Once thing I was missing was a ppt filter; I saw a lot of requests for
such a filter in the archive, but no working code.  It wasn't hard to
make a basic working one, here it is (just put it in your Filters
directory, and make sure the ppthtml executable is in your path):

---- start ppt2html.pm ----
package SWISH::Filters::ppt2html;
use strict;
use vars qw/ $VERSION /;
$VERSION = '0.01';
sub new {
   my ( $class ) = @_;
   my $self = bless {
       mimetypes   => [ qr!application/vnd.ms-powerpoint! ],
   }, $class;
   return $self->set_programs( 'ppthtml' );
}

sub filter {
   my ( $self, $doc ) = @_;
   my $content = $self->run_ppthtml( $doc->fetch_filename ) || return;
   # update the document's content type
   $doc->set_content_type( 'text/html' );
   return \$content;
}

1;
__END__

=head1 NAME

SWISH::Filters::ppt2html - Perl extension for filtering MS PowerPoint
documents with Swish-e

=head1 DESCRIPTION

This is a plug-in module that uses the xpdf package to convert MS
PowerPoint documents
to html for indexing by Swish-e.  

This filter plug-in requires the xlhtml package which includes ppthtml
available at:

   http://chicago.sourceforge.net/xlhtml

Currently produces document titles like /tmp/foo1234.  Need to alter
to pass actual
document title.


=head1 AUTHOR

Randy Thomas

=head1 SEE ALSO

L<SWISH::Filter>
---- end ppt2html.pm ----


I have not yet figured out how to pass a more useful title back to
Filter.pm.  The code above generates doc titles like "/tmp/foo1234"
where I'd like to have the actual name of the .ppt file instead.  I'm
still reading all the docs, so I'm sure I'll get to the answer
eventually, but if anyone wants to give me a hint I won't mind :)

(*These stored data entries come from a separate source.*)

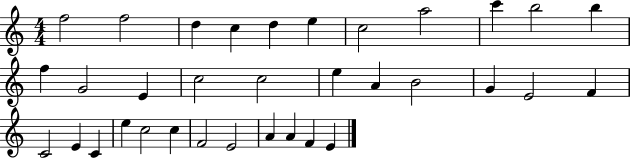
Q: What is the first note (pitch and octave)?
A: F5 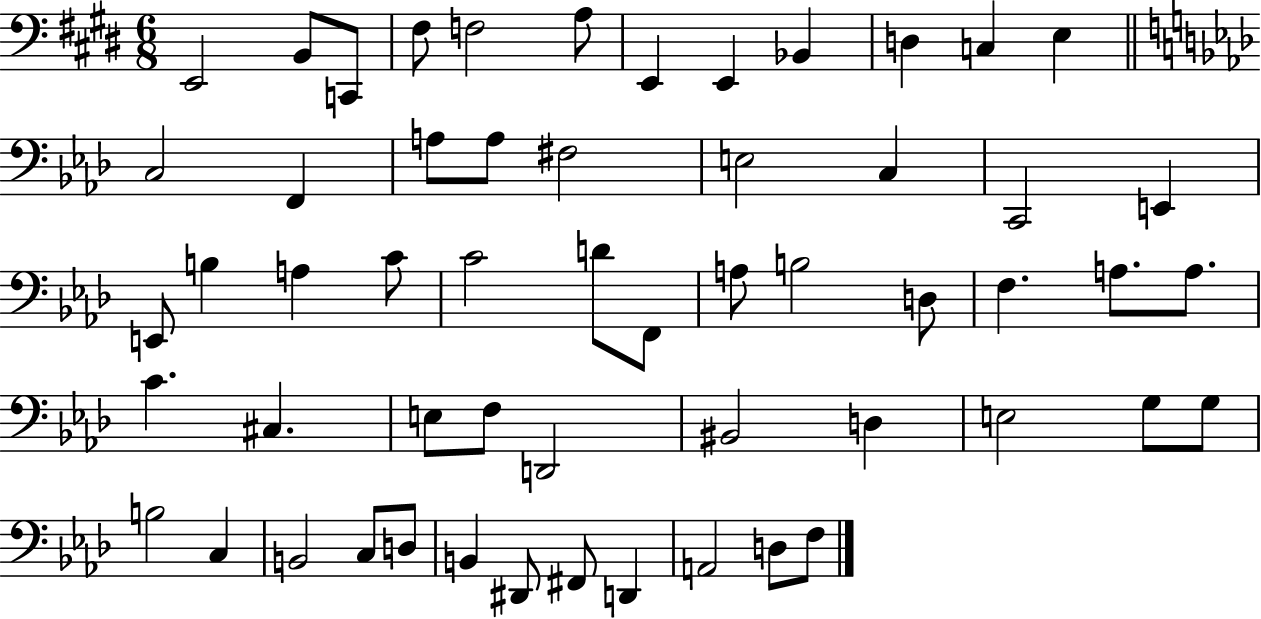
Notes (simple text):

E2/h B2/e C2/e F#3/e F3/h A3/e E2/q E2/q Bb2/q D3/q C3/q E3/q C3/h F2/q A3/e A3/e F#3/h E3/h C3/q C2/h E2/q E2/e B3/q A3/q C4/e C4/h D4/e F2/e A3/e B3/h D3/e F3/q. A3/e. A3/e. C4/q. C#3/q. E3/e F3/e D2/h BIS2/h D3/q E3/h G3/e G3/e B3/h C3/q B2/h C3/e D3/e B2/q D#2/e F#2/e D2/q A2/h D3/e F3/e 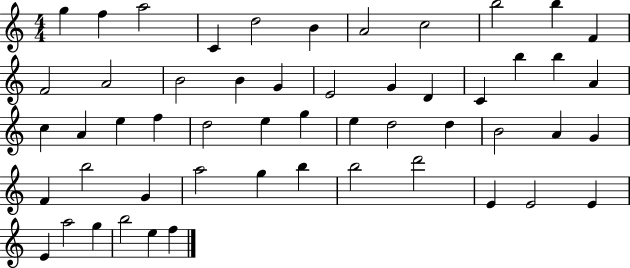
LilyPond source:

{
  \clef treble
  \numericTimeSignature
  \time 4/4
  \key c \major
  g''4 f''4 a''2 | c'4 d''2 b'4 | a'2 c''2 | b''2 b''4 f'4 | \break f'2 a'2 | b'2 b'4 g'4 | e'2 g'4 d'4 | c'4 b''4 b''4 a'4 | \break c''4 a'4 e''4 f''4 | d''2 e''4 g''4 | e''4 d''2 d''4 | b'2 a'4 g'4 | \break f'4 b''2 g'4 | a''2 g''4 b''4 | b''2 d'''2 | e'4 e'2 e'4 | \break e'4 a''2 g''4 | b''2 e''4 f''4 | \bar "|."
} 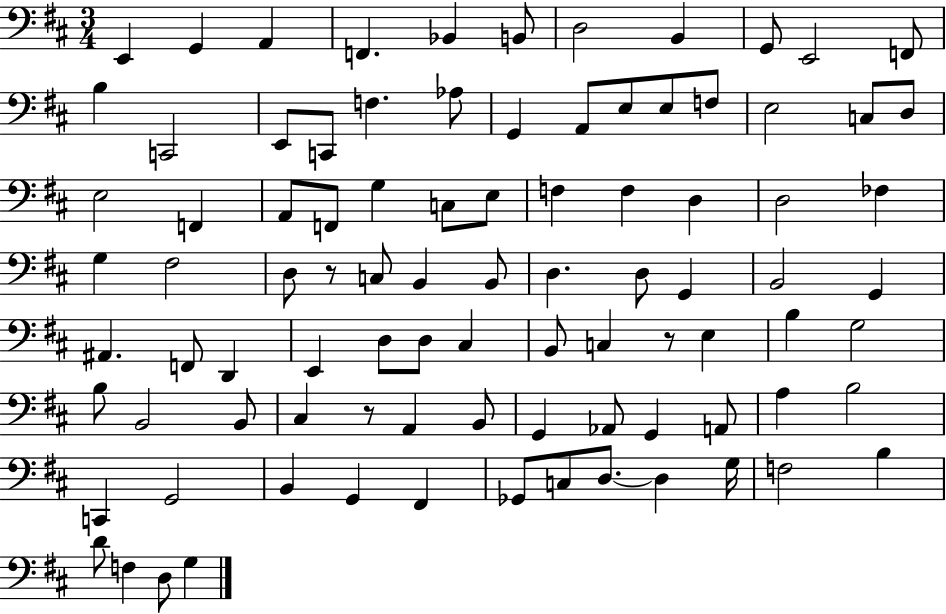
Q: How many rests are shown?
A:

Another small item I miss from my htdig setup is automatic indexing
inside .zip, .Z, .gz, .tar archives.  I'm not really sure how to chain
the filters so that, after unzipping an archive, the ppt, doc, xls,
html, txt, etc. files inside will be passed to the appropriate filter.
 Does this recursion happen automatically, or do I have to specify it
in my config?

Would it be possible to use FIleFilter directives (even though I'm
using prog / spider.pl )?  Something like:

FileFIlter .gz gzip "-c '%p'"
FileFIlter .zip unzip "-p '%p'"
etc. for all compression/archive types?

Will the files inside each archive be passed along to the next
appropriate filter?  How about (unfortunate cases) where there's a .gz
or .tar file inside a .zip file?  I'd like to dig as deep as possible.

Any hints or tips will be appreciated; thanks again for the great tool.

Randy
Received on Wed Feb 2 08:36:28 2005